(Input records begins)

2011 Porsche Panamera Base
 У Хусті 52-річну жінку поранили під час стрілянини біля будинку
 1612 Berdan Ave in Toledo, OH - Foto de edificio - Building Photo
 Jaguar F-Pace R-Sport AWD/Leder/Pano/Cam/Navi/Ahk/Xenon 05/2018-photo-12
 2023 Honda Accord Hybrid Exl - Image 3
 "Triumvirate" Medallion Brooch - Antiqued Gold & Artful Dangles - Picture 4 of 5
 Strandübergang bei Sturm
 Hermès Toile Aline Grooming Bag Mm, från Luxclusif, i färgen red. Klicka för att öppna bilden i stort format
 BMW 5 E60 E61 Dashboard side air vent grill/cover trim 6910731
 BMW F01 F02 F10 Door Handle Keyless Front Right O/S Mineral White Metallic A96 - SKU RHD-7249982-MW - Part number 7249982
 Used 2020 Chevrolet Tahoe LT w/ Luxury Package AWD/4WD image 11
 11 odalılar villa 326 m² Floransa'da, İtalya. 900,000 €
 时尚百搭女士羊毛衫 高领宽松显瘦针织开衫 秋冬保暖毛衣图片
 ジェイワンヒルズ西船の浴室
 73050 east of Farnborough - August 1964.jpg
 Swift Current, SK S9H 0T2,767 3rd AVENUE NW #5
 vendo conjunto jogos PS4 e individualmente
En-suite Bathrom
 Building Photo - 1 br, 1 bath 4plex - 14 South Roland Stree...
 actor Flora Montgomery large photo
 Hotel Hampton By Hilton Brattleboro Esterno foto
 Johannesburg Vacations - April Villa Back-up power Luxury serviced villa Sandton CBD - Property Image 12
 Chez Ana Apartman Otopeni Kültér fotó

(Input records ends)

The task >>
For every line of the records that has the word "Building" in it, make a copy.

Response box >>
 1612 Berdan Ave in Toledo, OH - Foto de edificio - Building Photo
 Building Photo - 1 br, 1 bath 4plex - 14 South Roland Stree...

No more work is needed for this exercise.